“History is the memory of States.” - Henry Kissinger
Learning to speak a foreign language is often considered an essential step for many different careers. However, people rarely learn the history of the language that they’re learning to speak.
Catalan is spoken by 10 million people across Spain, France, and Sardinia, with 6.3 million of them living in Spain.
While a lot of people mistakenly believe that it’s a dialect of Spanish, Catalan is a language in its own right, so let’s learn about the history of the Catalan language.
The Origins of Catalan
The story of Catalan begins in the Classical antiquity. During the Neolithic period, the Iberians settled in Western Europe. Some historians believe they settled near the Ebro in Catalonia (known locally as Catalunya). This was known as the Iberus and it’s thought to be the reason the peoples were referred to as Iberian.
Under the Roman Republic (3rd Century BCE), the Romans referred to the Iberian peninsula as Hispania. The Roman conquest of Spain began in 218 BCE with the second Punic war against the Carthaginians. The Roman troops took Emporion (Empuries) and started their conquest of Hispania from Tarragona.
During this time, the Latin spoken on the coast differed from that on the rest of the peninsula. This coastal Latin would lay the foundations for the linguistic evolutions that would lead to the Catalan language.

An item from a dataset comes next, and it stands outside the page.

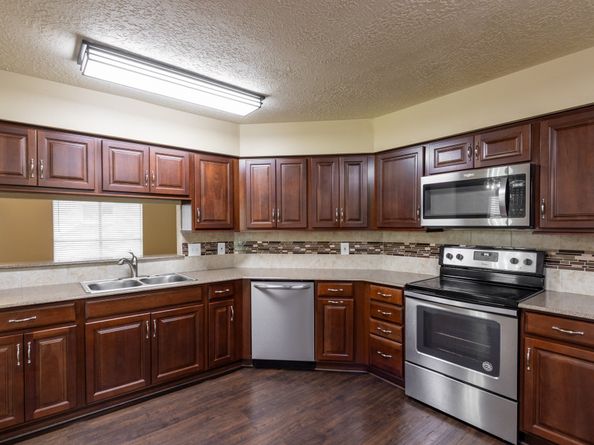 2438 Tall Ships Drive, Friendswood TX 77546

The Gothic and Frankish Influence
The Roman Empire fell in 476CE and Hispania became easy prey for Germanic invasion. The Vandals invaded in 409 followed by the Alans and the Suebi.

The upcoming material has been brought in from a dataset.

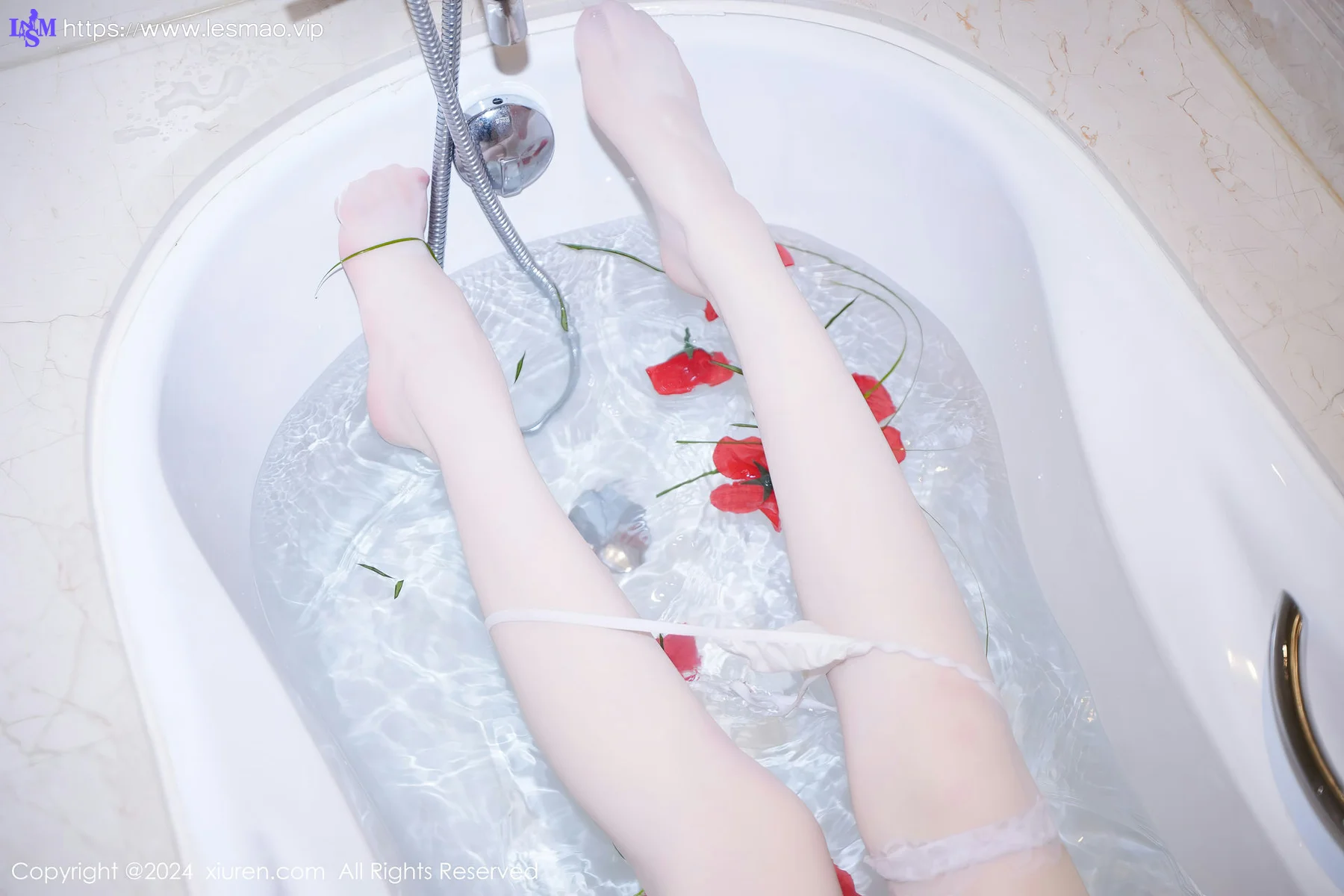 XiuRen 秀人 No.8162  梦灵儿Mini 白色浴袍性感写真33 - 38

In 414, the Visigoths allied with Rome and took Barcelona as the capital of their new kingdom. In a few decades, the Visigoths were ruling the whole Iberian peninsula and the southwest of France from Gibraltar to the south of the Loire.
Did you know that the name of Catalonia comes from the name given to the region by the Visigoths: Gotholonia, the “Land of the Goths”?
Profiting from the fall of the Roman Empire, they occupied what is now Spain until the end of the 5th Century. However, they never really imposed their language on the region. Instead, they adopted the language that was already spoken in the region, a version of Latin that had evolved over the centuries.
Without the rule of the Roman Empire, various versions of Latin had evolved from what was once the empire. The Visigoths assimilated into the population through mixed marriages with the local populations and left their mother tongue behind.
By the 7th century, Gothic and Latin were dead languages and the Romance languages were born. Vulgar Latin, Gothic, and Frankish heavily influenced the Catalan and Spanish languages.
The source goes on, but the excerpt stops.